Sanktionspolitik muss kritisch überprüft werden: Erreicht sie ihre Ziele? Und was sind ihre unerwünschten Nebenwirkungen?

Alexander King MdA

Auf Dauer lassen sich die Leute kein X für ein U vormachen. Gut so. Die Springer­Presse berichtet heute von "erschreckenden" Daten aus einer INSAErhebung, derzufolge die Deutschen mehr und mehr an der Sinnhaftigkeit der Russland­Sanktionen zweifeln. Eine große Mehrheit geht davon aus, dass die Sanktionen uns genauso (36%) oder sogar schlimmer (47%) schädigen als Russland.

Ich finde dieses Meinungsbild nicht erschreckend, sondern ermutigend, weil endlich eine realistische Perspektive auf die Wirksamkeit und unerwünschte Nebeneffekte der Sanktionen Einzug erhält. Linke Politiker wie Sahra Wagenknecht, Klaus Ernst und Sören Pellmann fordern zurecht seit längerem eine kritische Überprüfung.

Nach allem, was man bislang weiß, werden die Sanktionen (und Gegensanktionen) wie folgt wirken:

1) Ja, selbstverständlich wird es zu tiefgreifenden Folgen für die wirtschaftliche Situation vieler Russen kommen. Insbesondere die Sanktionen in den Bereichen des Hochtechnologietransfers und industrieller Produktionsketten werden in Russland zu Wohlstands­ und Arbeitsplatzverlusten führen, v. a. in der Mittelschicht und städtischen Unterschicht.

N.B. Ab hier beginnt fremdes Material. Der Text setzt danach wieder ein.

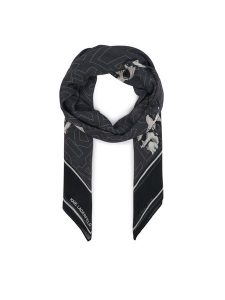 KARL LAGERFELD Chusta B4W33047 Czarny. Czarne apaszki i chusty KARL LAGERFELD, bez wzorów, z wiskozy. Za 429,99 zł.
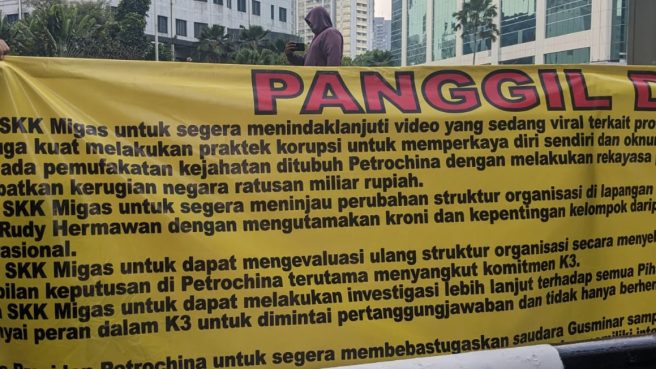 Aksi APIP-JAMBI di PetroChina, Kuningan, Setia Budi, Jakarta Selatan.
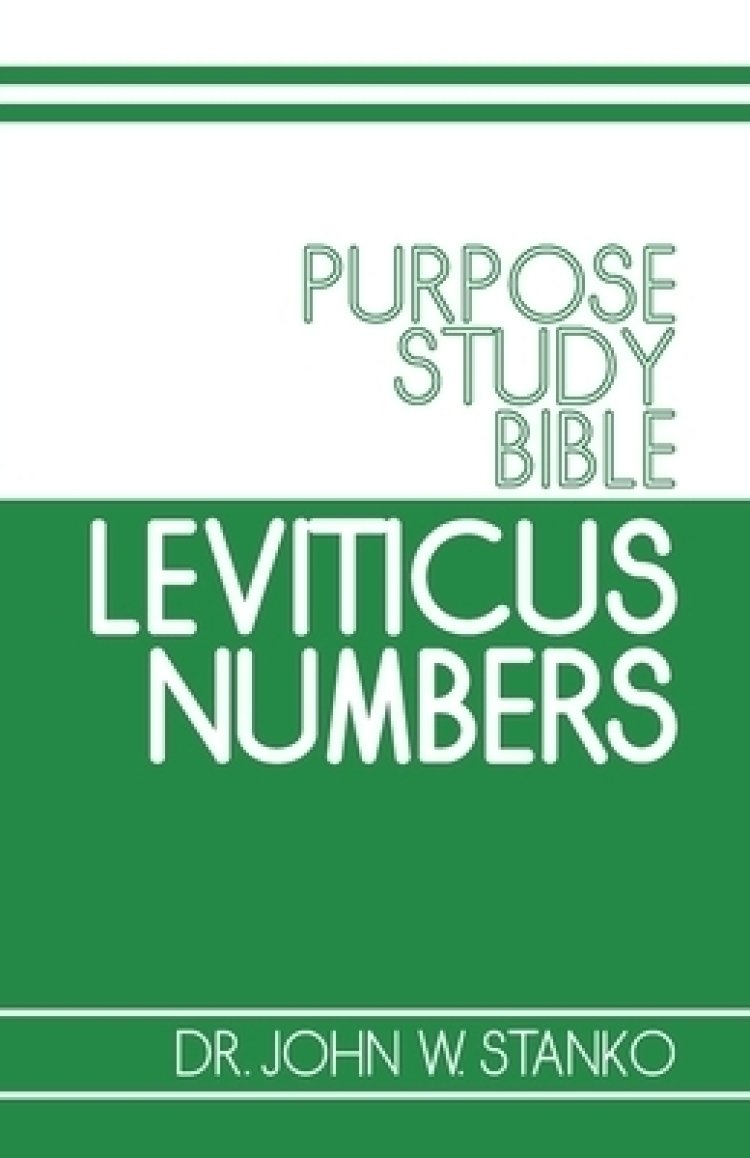 Purpose Study Bible Leviticus & Numbers Free Delivery when you spend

2) Auch in Deutschland (bzw. im Westen) werden die Sanktionen und Gegensanktionen viele Menschen vor erhebliche Probleme stellen.
Das betrifft auch hier v. a. Menschen mit kleinen und mittleren Einkommen bis hin zu Facharbeitern (Industriearbeitsplätze).

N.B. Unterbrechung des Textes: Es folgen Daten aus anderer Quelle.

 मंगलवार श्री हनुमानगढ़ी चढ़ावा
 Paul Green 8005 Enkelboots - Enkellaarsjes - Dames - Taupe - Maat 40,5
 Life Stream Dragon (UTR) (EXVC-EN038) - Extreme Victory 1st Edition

3) Der Wirtschaftskrieg zwischen dem Westen und Russland wirkt am verheerendsten bei denen, die damit am wenigsten zu tun haben: den Menschen in den Ländern des Südens. Düngerboykott explodierende Transport­ und Verarbeitungskosten, Energiemangel aufgrund der Konkurrenz durch den Westen schlagen hier (neben den unmittelbaren Kriegsfolgen wie geringere Getreidelieferungen) zu Buche. Diese Opfer des Wirtschaftskriegs wird niemand zählen. Wir sehen nur ab und zu die Aufstände in Sri Lanka und anderswo.

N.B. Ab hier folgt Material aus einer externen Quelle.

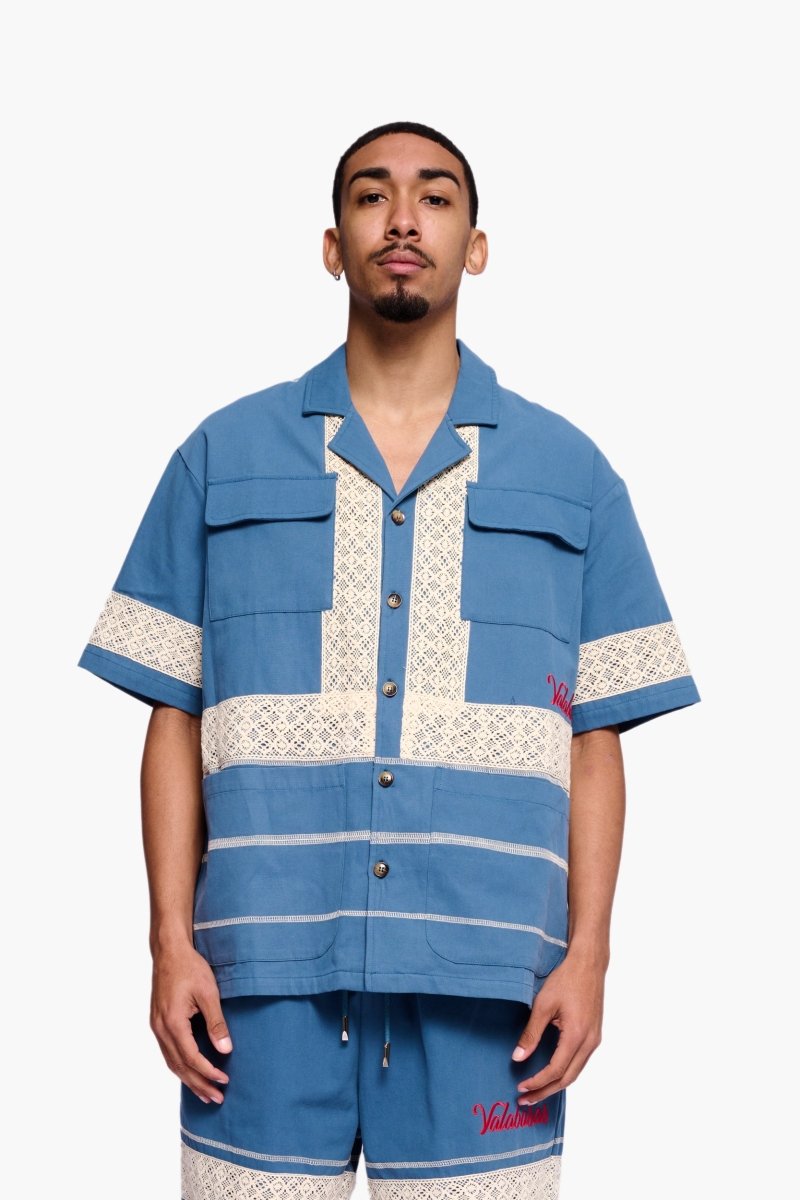 Talia Button Down Blue - Valabasas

4) Profiteure gibt es natürlich auch: die US Fracking Industrie und natürlich Saudi Aramco, der große Swing Producer und wertvollstes Unternehmen an der Börse, das jetzt seine Belieferung des Weltmarkts hochfährt, während der Eigenbedarf in Saudi­Arabien durch günstigeres russisches Öl gedeckt wird. Immer deutlicher wird 

5): Ein Wirtschaftskrieg gegen das größte Land der Welt, das auf allen Rohstoffen sitzt, die der Rest der Welt für seine wirtschaftliche Entwicklung benötigt, ist in seinen Auswirkungen unkalkulierbar und auf jeden Fall etwas anderes als Sanktionen gegen kleine Länder wie Kuba oder Syrien (und selbst die erreichen ihre politischen Ziele nicht).
Deshalb steht eigentlich

6) nur eines fest: Falls das Ziel der RusslandSanktionen sein sollte, den Krieg gegen die Ukraine zu beenden, werden sie dieses kaum erreichen. Deshalb ist denjenigen zuzustimmen, die eine Revision dieser Politik fordern.